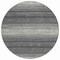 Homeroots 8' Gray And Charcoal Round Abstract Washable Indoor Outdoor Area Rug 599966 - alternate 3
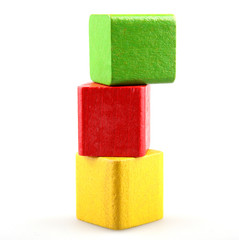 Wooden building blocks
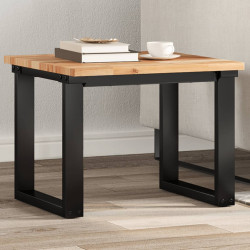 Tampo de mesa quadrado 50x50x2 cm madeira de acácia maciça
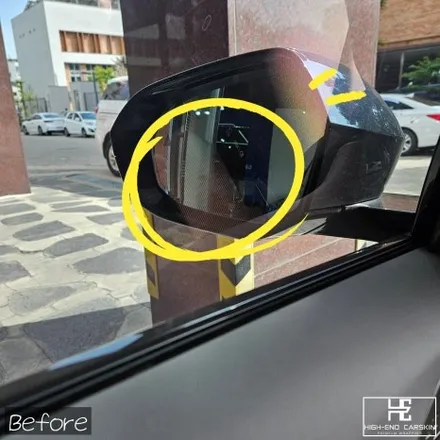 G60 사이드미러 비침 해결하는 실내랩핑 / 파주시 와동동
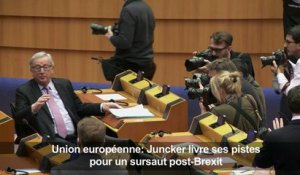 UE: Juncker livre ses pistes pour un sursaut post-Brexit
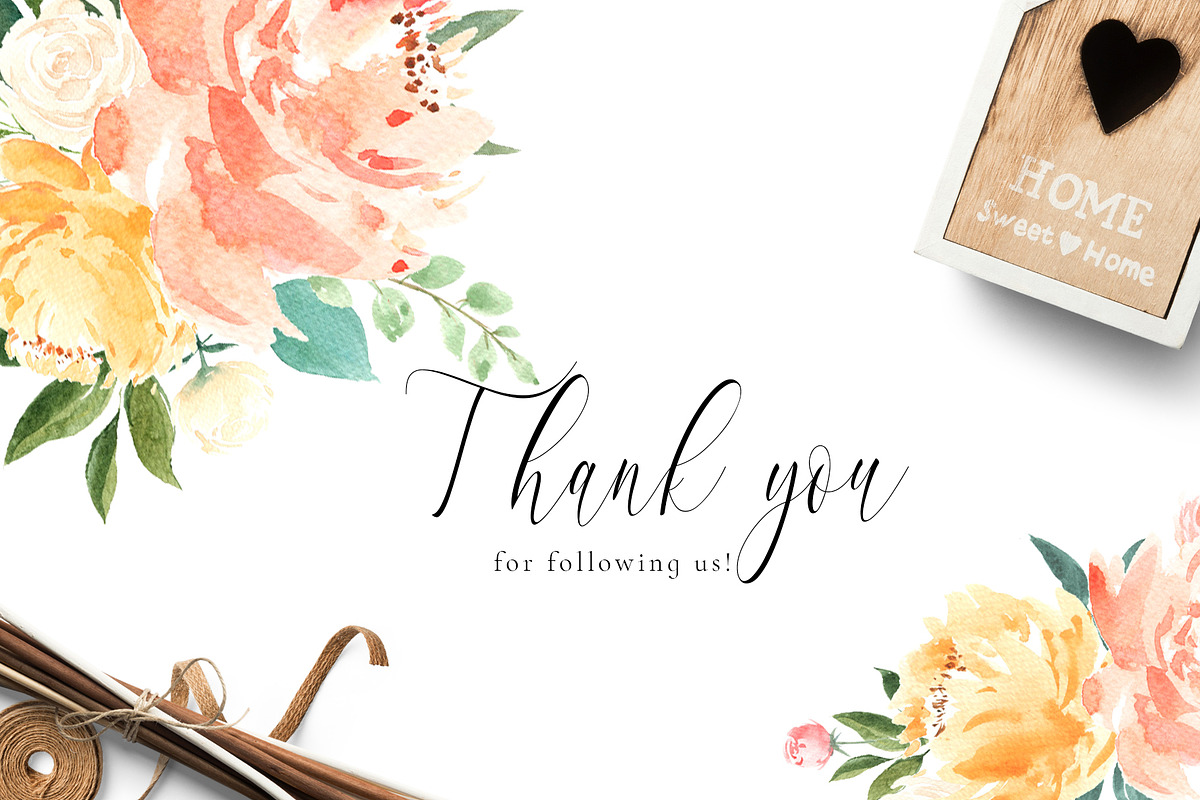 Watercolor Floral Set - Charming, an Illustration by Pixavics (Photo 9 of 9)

About this exercise
Repeat exactly the lines from the one containing "G60 사이드미러 비침 해결하는 실내랩핑 / 파주시 와동동" to the last line of the records above, including both, and leave out any pictures.

Answer to this problem
 G60 사이드미러 비침 해결하는 실내랩핑 / 파주시 와동동
 UE: Juncker livre ses pistes pour un sursaut post-Brexit
 Watercolor Floral Set - Charming, an Illustration by Pixavics (Photo 9 of 9)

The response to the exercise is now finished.